Fed Policy Makers Confront Jobless Economic Recovery (Update3)
Sept. 16 (Bloomberg) -- Glenn McQueen says he's never seen an economic expansion quite like this one. The Federal Reserve says the U.S. economy is growing. The lines in McQueen's North Carolina Employment Security Commission office suggest otherwise.
McQueen's Fayetteville-based staff meets with 500 to 800 people a day in search of jobs, state and federal aid, food stamps or career counseling because their unemployment benefits have run out. On peak days, that's about twice as many as two years ago. Next month, he will fire eight members of his 38-person staff because of state budget cuts.
Some of them ``will take their place in line'' among the unemployed, he said. ``I keep reminding myself the economy is getting better.''
Economists expect the gross domestic product to grow at a 4.5 percent annual rate in the third quarter, according to a Bloomberg News survey. While growing demand is likely to improve corporate profits, Fed policy makers, who began meeting today at 9 a.m., Washington time, are unlikely to raise interest rates from a 45- year low of 1 percent until job growth improves.
Ninety-nine of 100 economists surveyed by Bloomberg News expect the Fed to leave the overnight lending rate unchanged when they conclude their meeting at about 2:15 p.m. What is likely to change is the Fed policy makers' focus, with job destruction now an increasing risk to both the economic expansion and stable prices.
Fed's Dual Mandate
The current recovery has been characterized by disinflation, or a slowdown in price increases, rather than inflation. That means businesses aren't able to boost profits by raising prices, making them reluctant to hire.
More evidence of companies' lack of pricing power came today, when the Labor Department said consumer prices excluding food and energy rose 1.3 percent for the 12 months through August, the smallest year-over-year gain since 1966.
Unlike other major central banks, the Fed has responsibility for employment as well as inflation. The Federal Reserve Act says the bank should promote ``maximum employment, stable prices and moderate long-term interest rates.''
``No central bank can politically ignore what is happening to output and employment,'' said Allan Meltzer, a Carnegie Mellon University economist and Federal Reserve historian. The Fed's 5.5- percentage-point cut in interest rates since January 2001 ``has been aimed at trying to get the economy to grow faster and get the employment rate to come up,'' Meltzer said.
Jobless Recovery
Millions of Americans still can't find work, and thousands more get fired every month. The number of people applying for unemployment insurance rose to a two-month high last week. Since the latest recession began in March 2001, the economy has lost 2.8 million jobs, the Labor Department said. About 48 percent, or 1.3 million, of those have disappeared since the National Bureau of Economic Research said the recession ended in November 2001. The jobless rate is now 6.1 percent.

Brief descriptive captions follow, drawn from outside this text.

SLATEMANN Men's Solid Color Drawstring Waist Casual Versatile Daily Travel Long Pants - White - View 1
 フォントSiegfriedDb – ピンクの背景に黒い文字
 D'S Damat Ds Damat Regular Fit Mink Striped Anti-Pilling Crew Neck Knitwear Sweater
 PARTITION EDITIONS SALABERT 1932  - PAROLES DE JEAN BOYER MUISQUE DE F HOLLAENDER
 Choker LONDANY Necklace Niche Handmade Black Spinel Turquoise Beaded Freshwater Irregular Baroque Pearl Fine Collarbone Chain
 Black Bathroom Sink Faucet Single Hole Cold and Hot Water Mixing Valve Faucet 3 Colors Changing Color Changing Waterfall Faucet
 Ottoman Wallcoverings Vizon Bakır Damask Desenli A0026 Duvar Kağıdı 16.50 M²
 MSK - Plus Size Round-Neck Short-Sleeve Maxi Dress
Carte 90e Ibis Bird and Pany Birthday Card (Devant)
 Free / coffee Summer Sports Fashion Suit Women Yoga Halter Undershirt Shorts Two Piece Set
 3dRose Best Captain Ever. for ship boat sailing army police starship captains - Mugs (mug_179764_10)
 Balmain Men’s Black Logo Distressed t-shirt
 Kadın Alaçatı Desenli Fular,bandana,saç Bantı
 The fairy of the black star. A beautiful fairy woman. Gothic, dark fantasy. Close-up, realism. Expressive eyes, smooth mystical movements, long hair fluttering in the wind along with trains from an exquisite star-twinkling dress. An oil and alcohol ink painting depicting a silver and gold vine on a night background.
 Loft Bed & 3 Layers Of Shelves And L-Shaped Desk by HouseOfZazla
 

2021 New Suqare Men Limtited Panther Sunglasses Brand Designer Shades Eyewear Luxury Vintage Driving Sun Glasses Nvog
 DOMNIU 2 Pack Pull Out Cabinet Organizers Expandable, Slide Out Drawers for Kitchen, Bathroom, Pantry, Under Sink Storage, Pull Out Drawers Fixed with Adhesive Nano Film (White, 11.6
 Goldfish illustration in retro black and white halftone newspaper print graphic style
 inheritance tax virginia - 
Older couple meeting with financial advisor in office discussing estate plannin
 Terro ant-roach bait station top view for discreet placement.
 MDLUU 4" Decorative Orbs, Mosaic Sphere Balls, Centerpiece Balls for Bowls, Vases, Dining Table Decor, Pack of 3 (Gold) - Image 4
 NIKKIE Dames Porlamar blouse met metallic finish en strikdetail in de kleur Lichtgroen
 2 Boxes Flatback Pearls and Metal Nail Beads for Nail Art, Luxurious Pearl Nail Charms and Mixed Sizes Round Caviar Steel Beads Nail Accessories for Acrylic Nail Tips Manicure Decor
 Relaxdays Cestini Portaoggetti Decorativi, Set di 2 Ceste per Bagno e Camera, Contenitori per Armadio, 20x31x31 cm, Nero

``This is the first recovery on record where we actually have fewer jobs 21 months out than when the expansion began,'' said Jared Bernstein, senior economist at the Economic Policy Institute, a Washington research group.
Employment typically lags an expansion. The economy lost jobs in six of the 12 months ending March 1992, a year of recovery after the U.S.'s last recession. Over the subsequent 12-month period, the economy only lost jobs in one month, according to the Labor Department's non-farm payroll survey.
`Fierce' Competition
Last Thursday morning in the Fayetteville waiting room, while a television news program recounted the latest Iraqi grenade attack, state worker Jimmy Saucier called out the names of first- time unemployment claims filers from a crowd of job seekers. The crowd included whites, blacks, former managers and former blue- collar workers. Some carried babies, some were pregnant and some came alone.
About 10 first-time jobless claims filers gathered in a neat, well-lit room. They were told how to fill out forms for benefits and how to look for a job.
``The competition is very, very fierce,'' Saucier told the group. A job posting for a single office manager position received 1,012 applicants, he said.
McQueen and Catherine Van Sickle, regional manager for the state's employment agency, said they're seeing a change in the employment structure now.
``In the past, a plant might have closed but the industry survived,'' Van Sickle said. ``When you see a plant close now, it is a dead industry.''
`Permanent Job Losses'
Erica Groshen, assistant vice president and research economist at the Federal Reserve Bank of New York, would agree. In a recent study, she concluded that the latest recession was marked by a ``predominance of permanent job losses over temporary layoffs and the relocation of jobs from one industry to another.'' Because workers may not have the skills to be immediately rehired in a different business, they may be without a job longer as they seek education and training.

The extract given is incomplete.